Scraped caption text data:
______

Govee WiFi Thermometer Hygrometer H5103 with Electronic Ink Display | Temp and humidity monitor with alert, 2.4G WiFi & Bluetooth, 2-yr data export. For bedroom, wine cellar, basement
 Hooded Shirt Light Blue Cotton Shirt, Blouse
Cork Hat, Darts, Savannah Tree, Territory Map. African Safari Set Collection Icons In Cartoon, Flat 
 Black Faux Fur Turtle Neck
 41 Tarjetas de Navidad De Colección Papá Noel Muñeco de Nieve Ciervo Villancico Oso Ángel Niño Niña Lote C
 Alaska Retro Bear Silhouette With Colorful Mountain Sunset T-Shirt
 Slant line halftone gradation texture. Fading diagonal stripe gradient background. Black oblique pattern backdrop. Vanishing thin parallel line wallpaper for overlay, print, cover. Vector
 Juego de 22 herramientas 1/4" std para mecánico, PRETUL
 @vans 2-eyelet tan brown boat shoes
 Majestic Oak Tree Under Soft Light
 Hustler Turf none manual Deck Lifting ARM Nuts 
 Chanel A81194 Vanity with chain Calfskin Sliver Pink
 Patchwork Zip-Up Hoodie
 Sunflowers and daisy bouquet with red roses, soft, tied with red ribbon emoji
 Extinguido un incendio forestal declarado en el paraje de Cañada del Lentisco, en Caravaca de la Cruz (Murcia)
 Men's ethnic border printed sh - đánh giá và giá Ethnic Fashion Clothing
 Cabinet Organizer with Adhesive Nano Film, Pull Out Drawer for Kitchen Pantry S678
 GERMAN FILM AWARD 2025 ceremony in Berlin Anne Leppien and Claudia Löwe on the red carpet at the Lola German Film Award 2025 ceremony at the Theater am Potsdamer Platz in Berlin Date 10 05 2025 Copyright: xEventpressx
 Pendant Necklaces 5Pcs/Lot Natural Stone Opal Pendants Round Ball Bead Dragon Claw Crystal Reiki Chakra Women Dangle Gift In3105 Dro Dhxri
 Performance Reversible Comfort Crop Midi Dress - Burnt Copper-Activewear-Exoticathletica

______

#### Work task
Repeat only what lies between the first line of the data and the line containing "Cabinet Organizer with", both of those lines included, exactly as it stands.

#### Task response
Govee WiFi Thermometer Hygrometer H5103 with Electronic Ink Display | Temp and humidity monitor with alert, 2.4G WiFi & Bluetooth, 2-yr data export. For bedroom, wine cellar, basement
 Hooded Shirt Light Blue Cotton Shirt, Blouse
Cork Hat, Darts, Savannah Tree, Territory Map. African Safari Set Collection Icons In Cartoon, Flat 
 Black Faux Fur Turtle Neck
 41 Tarjetas de Navidad De Colección Papá Noel Muñeco de Nieve Ciervo Villancico Oso Ángel Niño Niña Lote C
 Alaska Retro Bear Silhouette With Colorful Mountain Sunset T-Shirt
 Slant line halftone gradation texture. Fading diagonal stripe gradient background. Black oblique pattern backdrop. Vanishing thin parallel line wallpaper for overlay, print, cover. Vector
 Juego de 22 herramientas 1/4" std para mecánico, PRETUL
 @vans 2-eyelet tan brown boat shoes
 Majestic Oak Tree Under Soft Light
 Hustler Turf none manual Deck Lifting ARM Nuts 
 Chanel A81194 Vanity with chain Calfskin Sliver Pink
 Patchwork Zip-Up Hoodie
 Sunflowers and daisy bouquet with red roses, soft, tied with red ribbon emoji
 Extinguido un incendio forestal declarado en el paraje de Cañada del Lentisco, en Caravaca de la Cruz (Murcia)
 Men's ethnic border printed sh - đánh giá và giá Ethnic Fashion Clothing
 Cabinet Organizer with Adhesive Nano Film, Pull Out Drawer for Kitchen Pantry S678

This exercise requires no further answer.